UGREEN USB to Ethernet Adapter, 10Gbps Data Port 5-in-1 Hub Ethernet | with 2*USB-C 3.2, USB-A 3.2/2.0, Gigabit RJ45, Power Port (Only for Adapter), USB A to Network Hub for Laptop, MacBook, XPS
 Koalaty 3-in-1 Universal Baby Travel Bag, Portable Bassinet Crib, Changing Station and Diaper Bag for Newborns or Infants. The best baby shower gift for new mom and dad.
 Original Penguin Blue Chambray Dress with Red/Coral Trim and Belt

--

Problem requirements – Check each line above for the string "with" and return those that contain it.

Result of the exercise –
UGREEN USB to Ethernet Adapter, 10Gbps Data Port 5-in-1 Hub Ethernet | with 2*USB-C 3.2, USB-A 3.2/2.0, Gigabit RJ45, Power Port (Only for Adapter), USB A to Network Hub for Laptop, MacBook, XPS
 Original Penguin Blue Chambray Dress with Red/Coral Trim and Belt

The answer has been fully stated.